How does matmul work?

Sasha_Ama · August 29, 2022, 3:19am

Hello. I am new to TensorFlow and decided to explore how matmul() works. I’ve started with something very simple:
q = tf.Variable([-1,-3])
r = tf.Variable([4,-2])
print(f"q={q}")
print(f"r={r}")
res = tf.matmul(q, r)
print(f"q X r = {res}")
According to what I remember from the college, the result should be [[-4,2],[-12,6]], but I’ve got exception:
tensorflow.python.framework.errors_impl.InvalidArgumentError: In[0] and In[1] ndims must be == 2: 1 [Op:MatMul]
Could you please explain what I am doing wrong?

Robert_Pope · August 29, 2022, 8:05pm

Both of those variables are the same dimension: 1 row and 2 columns. (To be honest, I’m not sure if q is a matrix or a list. Maybe it needs to be [[-1,-3]])

So you are trying to do:
Matrix dimension 1x2 times Matrix dimension 1x2

For valid matrix multiplication, the dimensions closest to each other have to match. But you have 2 columns in q trying to coordinate with 1 row in r.

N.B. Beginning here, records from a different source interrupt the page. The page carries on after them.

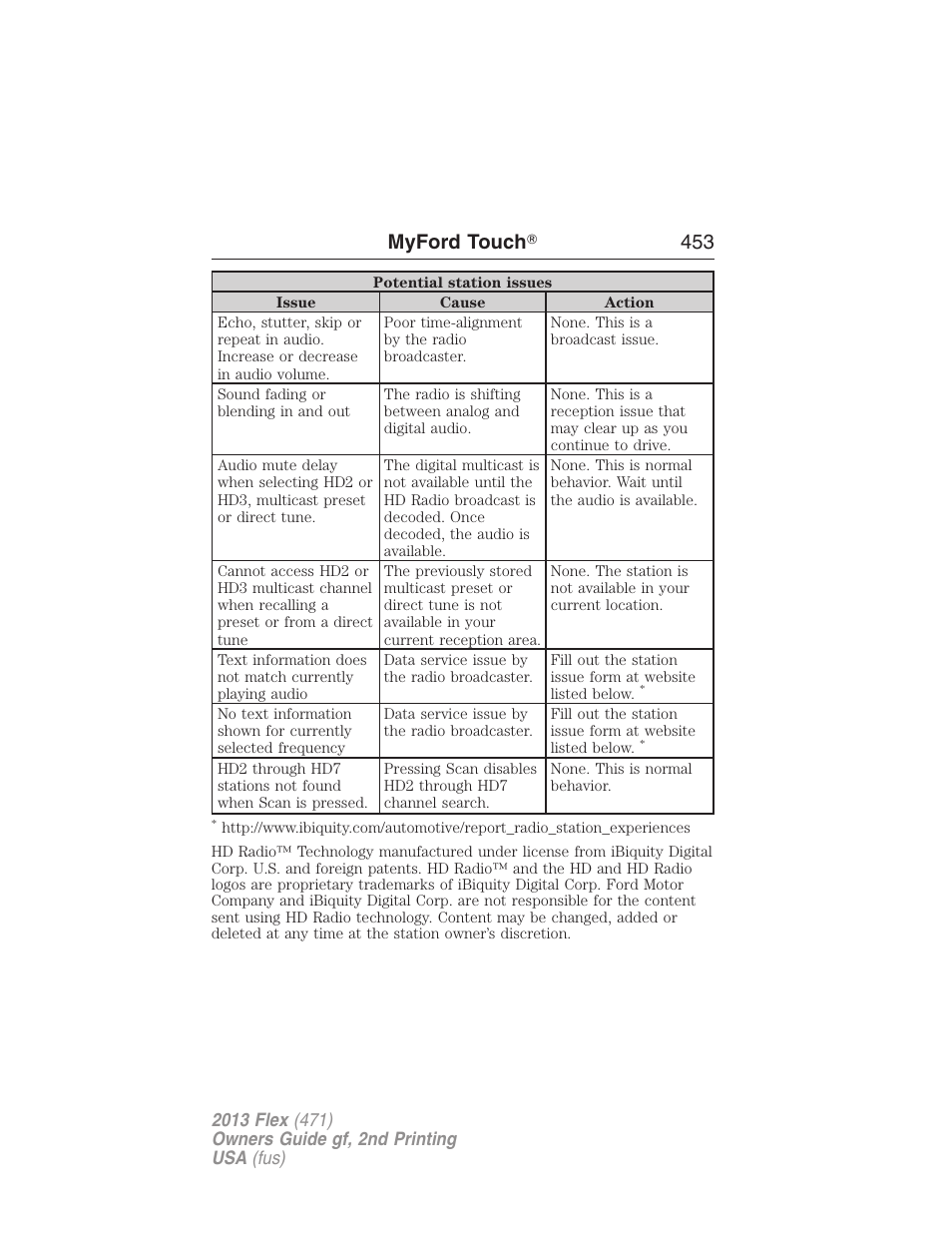 Myford touch ா 453 | FORD 2013 Flex v.2 User Manual | Page 453 / 535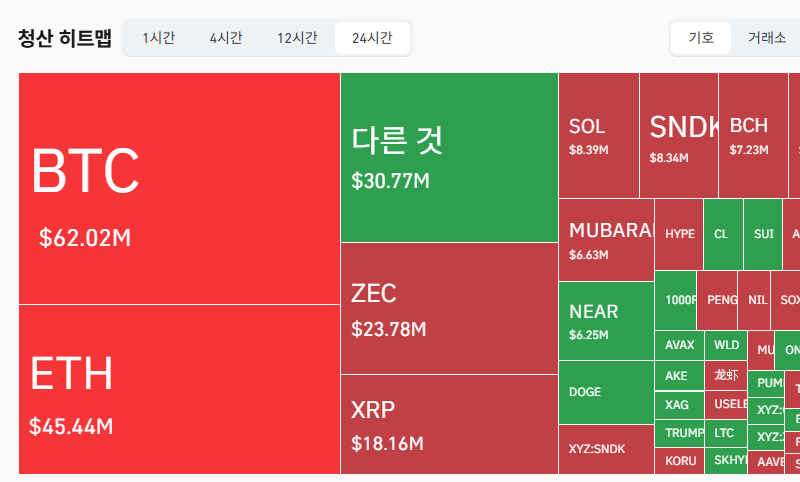 암호화폐 시장, 24시간 동안 레버리지 포지션 2억431만달러 청산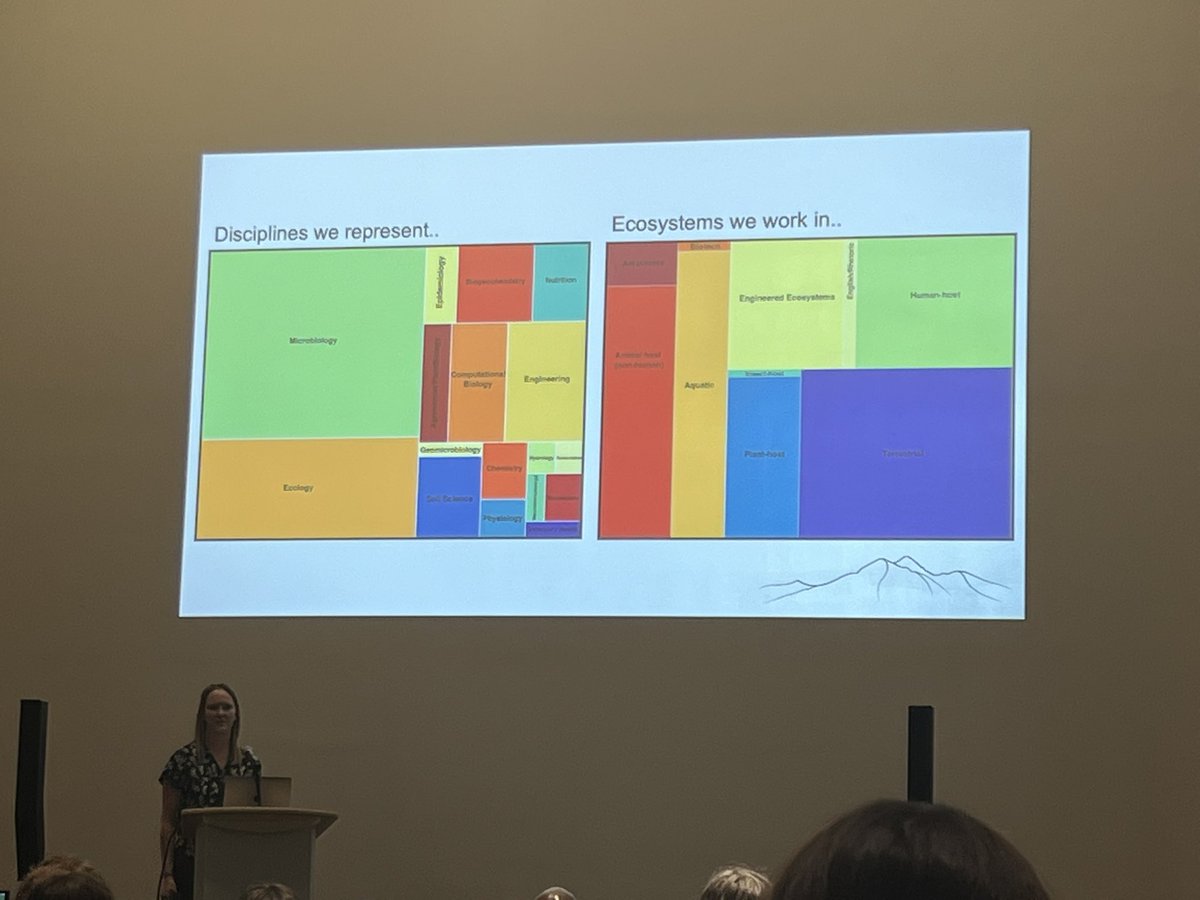 Mikayla A. Borton tweet media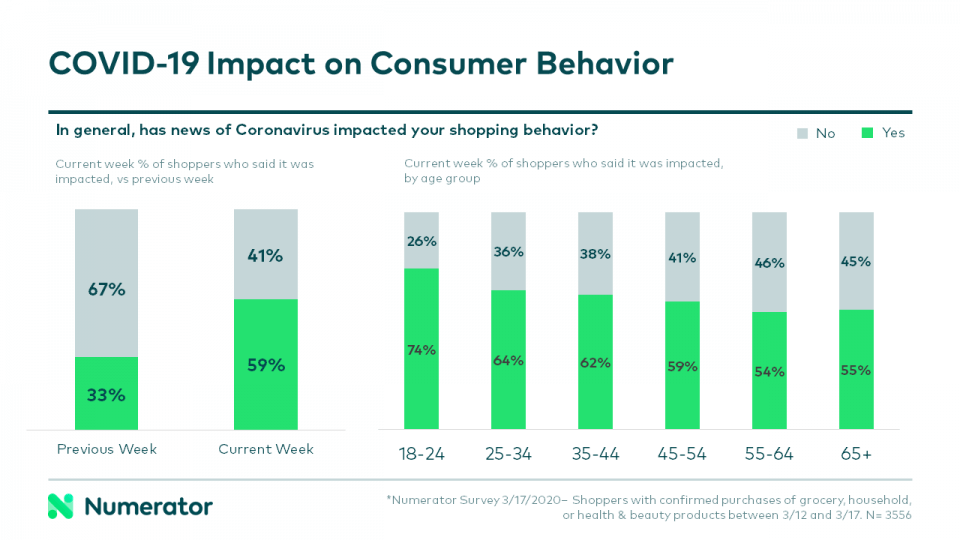 COVID consumer behaviour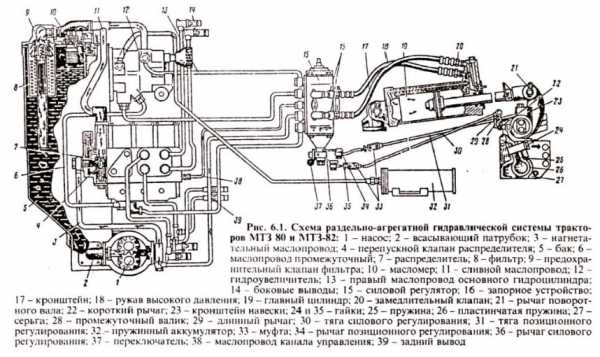 Мтз 80 схема двигателя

The dimensions furthest apart give the the dimensions of the matmul result. So, for your example calculation, q should be 2 rows and 1 column, not 1 row and 2 columns:
2x1 matmul 1x2 => 2x2 matrix

Sasha_Ama · August 29, 2022, 10:04pm

That is great! I’ve also suspected that I needed to specify that q and r should have different dimensions, but could not find the proper way to do so. After your message I’ve done more experiments and found out what should be done:
q = tf.Variable([[-1],[-3]])
r = tf.Variable([[4,-2]])
which prints:
q X r = [[ -4 2]
[-12 6]]
exactly what I’d expected.
Thanks a lot!